Provided material:
# # # # #

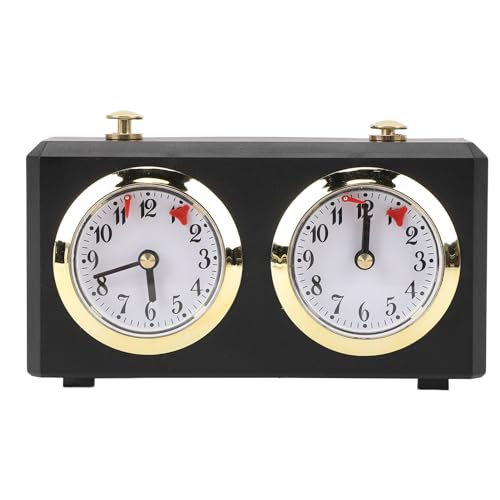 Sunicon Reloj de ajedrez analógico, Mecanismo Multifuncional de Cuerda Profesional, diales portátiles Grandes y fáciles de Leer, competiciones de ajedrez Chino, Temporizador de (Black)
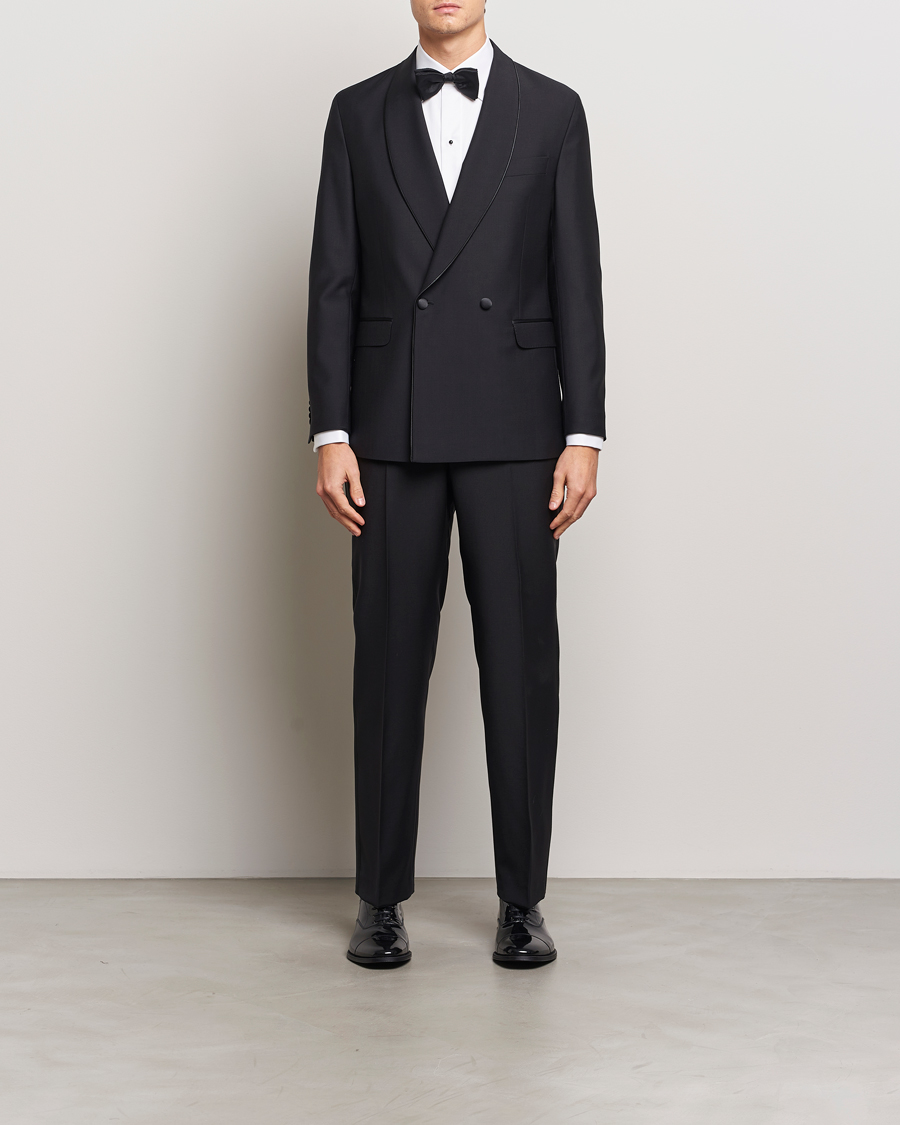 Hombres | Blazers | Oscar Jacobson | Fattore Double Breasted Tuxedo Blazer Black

# # # # #

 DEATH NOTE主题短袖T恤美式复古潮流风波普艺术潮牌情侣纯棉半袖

# # # # #

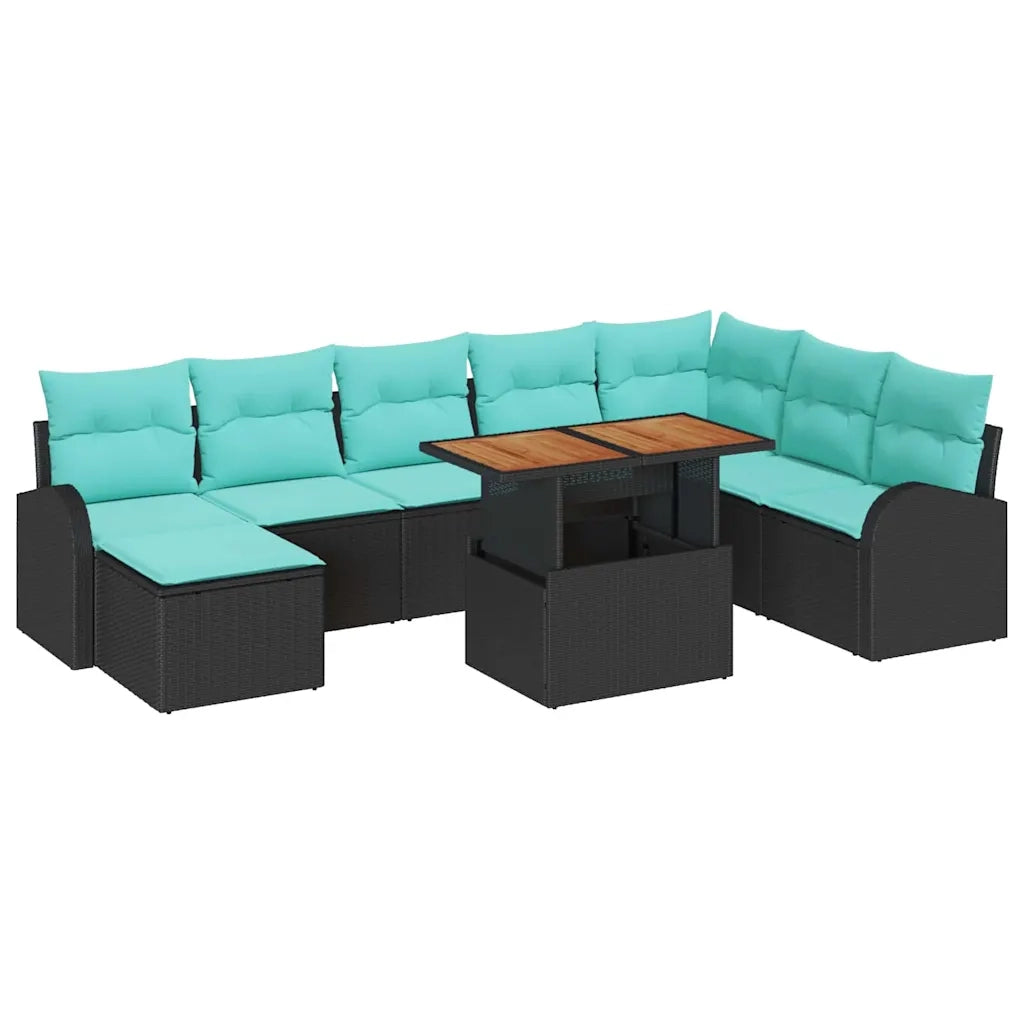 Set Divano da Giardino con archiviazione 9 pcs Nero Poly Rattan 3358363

# # # # #

Above are records with pictures. Reproduce exactly only the lines from the line with "Sunicon Reloj de" through the line with "Hombres | Blazers", both ends included, and leave the pictures out.

Answer space:
 Sunicon Reloj de ajedrez analógico, Mecanismo Multifuncional de Cuerda Profesional, diales portátiles Grandes y fáciles de Leer, competiciones de ajedrez Chino, Temporizador de (Black)
 Hombres | Blazers | Oscar Jacobson | Fattore Double Breasted Tuxedo Blazer Black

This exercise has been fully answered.